=== What to do ===
Nothing below is to be printed except the lines between the line holding "pre-design land rover" and the line holding "Acrylic Multi-layer Nail", inclusive, each exactly as it appears.

=== Entries shown ===

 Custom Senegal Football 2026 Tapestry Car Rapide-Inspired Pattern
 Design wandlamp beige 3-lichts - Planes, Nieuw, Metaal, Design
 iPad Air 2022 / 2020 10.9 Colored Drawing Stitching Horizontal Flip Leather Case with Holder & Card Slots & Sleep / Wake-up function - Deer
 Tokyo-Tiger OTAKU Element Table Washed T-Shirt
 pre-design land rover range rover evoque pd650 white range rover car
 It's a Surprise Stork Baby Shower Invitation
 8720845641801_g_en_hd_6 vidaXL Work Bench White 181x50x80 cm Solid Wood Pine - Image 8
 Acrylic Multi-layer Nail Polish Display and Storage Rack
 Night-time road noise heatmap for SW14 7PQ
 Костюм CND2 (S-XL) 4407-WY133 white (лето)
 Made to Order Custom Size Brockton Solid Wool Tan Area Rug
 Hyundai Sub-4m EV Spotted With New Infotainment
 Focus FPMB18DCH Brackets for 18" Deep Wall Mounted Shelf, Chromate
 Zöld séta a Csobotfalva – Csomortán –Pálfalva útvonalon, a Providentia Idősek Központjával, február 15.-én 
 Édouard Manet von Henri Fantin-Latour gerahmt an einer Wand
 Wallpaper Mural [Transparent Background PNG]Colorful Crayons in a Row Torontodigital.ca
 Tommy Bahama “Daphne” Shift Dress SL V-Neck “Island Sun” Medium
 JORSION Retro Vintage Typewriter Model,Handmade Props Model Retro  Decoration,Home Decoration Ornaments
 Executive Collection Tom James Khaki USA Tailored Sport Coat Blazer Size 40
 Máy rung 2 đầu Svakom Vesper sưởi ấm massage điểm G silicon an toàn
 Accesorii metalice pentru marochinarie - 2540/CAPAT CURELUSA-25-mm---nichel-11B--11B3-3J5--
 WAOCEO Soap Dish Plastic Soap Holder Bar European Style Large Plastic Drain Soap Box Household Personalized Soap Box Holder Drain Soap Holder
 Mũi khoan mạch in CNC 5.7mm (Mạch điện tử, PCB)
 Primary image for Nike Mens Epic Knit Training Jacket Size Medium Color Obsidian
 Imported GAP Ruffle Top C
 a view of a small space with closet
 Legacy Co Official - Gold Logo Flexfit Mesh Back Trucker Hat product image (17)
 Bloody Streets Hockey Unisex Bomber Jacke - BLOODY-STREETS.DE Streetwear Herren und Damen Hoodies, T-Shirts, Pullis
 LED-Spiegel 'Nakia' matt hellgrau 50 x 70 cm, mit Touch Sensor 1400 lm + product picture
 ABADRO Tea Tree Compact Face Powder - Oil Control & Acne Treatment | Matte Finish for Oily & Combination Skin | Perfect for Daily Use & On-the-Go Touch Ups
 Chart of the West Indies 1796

=== Reply to the task ===
 pre-design land rover range rover evoque pd650 white range rover car
 It's a Surprise Stork Baby Shower Invitation
 8720845641801_g_en_hd_6 vidaXL Work Bench White 181x50x80 cm Solid Wood Pine - Image 8
 Acrylic Multi-layer Nail Polish Display and Storage Rack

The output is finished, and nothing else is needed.